The pill is a tricky business at the best of times, but it’s especially hard to know what to do on holiday. Should you take it on a South African time zone? What should you do if you forget it? And can you get more pills from a pharmacy in Paris?! Nightmare. So we asked Dr Kathryn Basford from UK-based online doctor Zava UK to answer all these questions and more. You’re welcome!
Should I take my contraceptive pill at a different time on a long-haul holiday?
The answer depends on the type of pill you take. ‘If you’re on the progesterone-only pill, it’s important to take it at the same time every day,’ Basford advises – and that’s regardless of the altered time zone. ‘If you take it more than three hours late, it might not be effective at preventing pregnancy. But if you’re on the combined pill, you can take it up to 12 hours after you’d normally take it before you risk it losing its effectiveness.”
Basford advises packing a back-up method – such as condoms – in your suitcase to use in addition to your pill, but if you’re set on sticking to your pill, she suggests set an alarm on your phone for the correct South African time. ‘You could also keep either your phone or watch on SA time while you’re in a different time zone, to help you keep track of your timings. If this time falls when you’re asleep, shift your timings slightly, but always stay within that three-hour or 12-hour window.’
I’ve forgotten to bring my pill on holiday altogether – what should I do?
If you’re on the combined pill and you miss two or more in a row, your protection against pregnancy may be affected. And depending on where you are in the pack, you may have spotting or bleeding similar to your normal monthly bleed.
‘Depending on how long you’re away, you may notice some side effects of coming off the pill, such as mood swings or changes to your skin or weight,’ says Basford. ‘But this should all go back to normal once you’re back home and start back up with your pill again.’
If I forget my pill on holiday, can I get it abroad?
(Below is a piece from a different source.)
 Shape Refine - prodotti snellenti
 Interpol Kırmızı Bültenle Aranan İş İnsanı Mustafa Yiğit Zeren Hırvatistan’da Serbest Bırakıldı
It’s worth remembering that the medication might not be available or might have a different name in another country. Basford’s top tip? ‘Learn the names of the components of your pill – these shouldn’t change much from country to country, and a medical professional should recognise them.’
Different countries have different rules and regulations when it comes to medicines, too. ‘In some countries it may be possible to visit a local doctor or pharmacist for contraceptive services, but it won’t always be possible to access the exact medication you take.’
I’m going to run out of my contraceptive pill while I’m on holiday – should I borrow more from a friend?
You won’t be surprised to hear that doctors don’t advise sharing contraceptive pills with your BFF. ‘You should only take medication that is prescribed specifically for you, and depending what pill your friend is on, it may not be suitable for you, or may cause side effects. Plus, you’ll be leaving your friend without enough pills to get to the end of her cycle, potentially leaving her at risk of pregnancy, too,’ advises Basford.
Rationing the pill (AKA taking one every other day) is also not a good idea if you want to avoid getting pregnant. ‘My advice would be to continue to take your pill as normal until you run out, after which you may have a breakthrough bleed. After you run out of the pill, use condoms to protect you from pregnancy.’